EXERCISE GOAL. Would you return the data below exactly as it stands, with every picture left out?

STORED DATA.
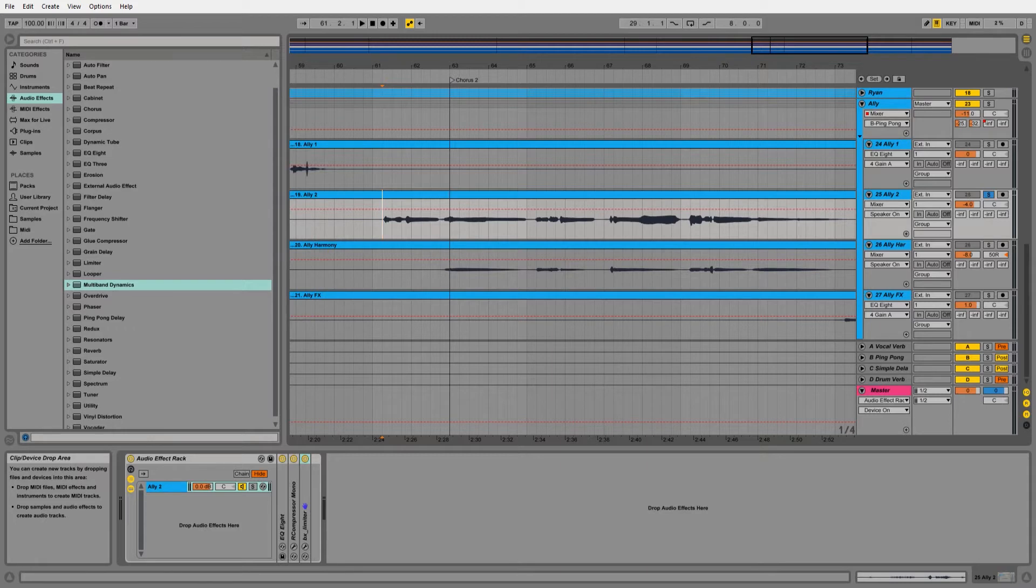Today I wanted to share with you real quick how you can make a de-esser in Ableton Live using the stock multiband dynamics plugin.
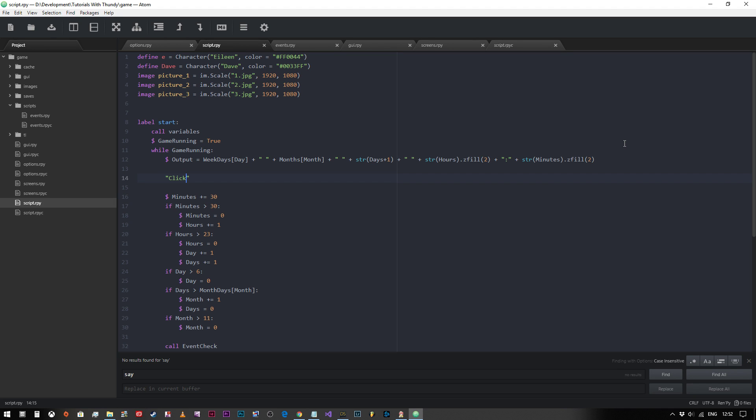Hey everyone and welcome back. This video is going to be a very quick look at screens, and we're going to look at a way of displaying our calendar on the screen but not in the text box at the bottom. If we wanted to keep the text box for speech only, then we wouldn't want to put the time in there all the time, so we want to put it somewhere else on the screen.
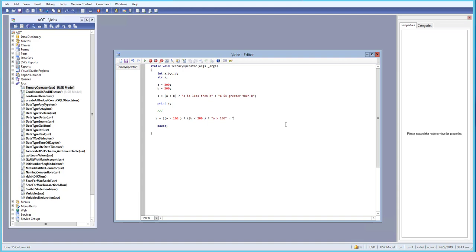We also provide 'b is less than 200', close the bracket, add a semicolon, and if this is false we evaluate the last statement: 'a is less than 100'. We close the bracket and add a print of s. So: if a greater than 100 is true, it evaluates b less than 200 as the second condition.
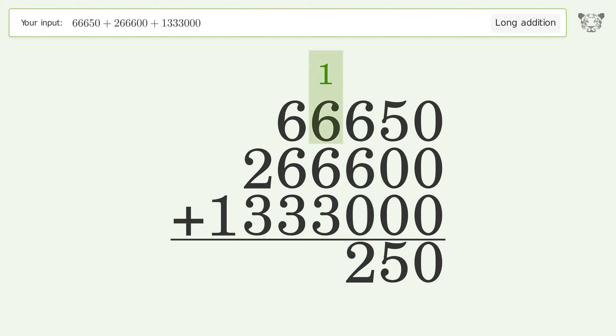1 plus 6 plus 6 plus 3 equals 16. Carry 1 to the 10 thousands place.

ANSWER SPACE.
Today I wanted to share with you real quick how you can make a de-esser in Ableton Live using the stock multiband dynamics plugin.
Hey everyone and welcome back. This video is going to be a very quick look at screens, and we're going to look at a way of displaying our calendar on the screen but not in the text box at the bottom. If we wanted to keep the text box for speech only, then we wouldn't want to put the time in there all the time, so we want to put it somewhere else on the screen.
We also provide 'b is less than 200', close the bracket, add a semicolon, and if this is false we evaluate the last statement: 'a is less than 100'. We close the bracket and add a print of s. So: if a greater than 100 is true, it evaluates b less than 200 as the second condition.
1 plus 6 plus 6 plus 3 equals 16. Carry 1 to the 10 thousands place.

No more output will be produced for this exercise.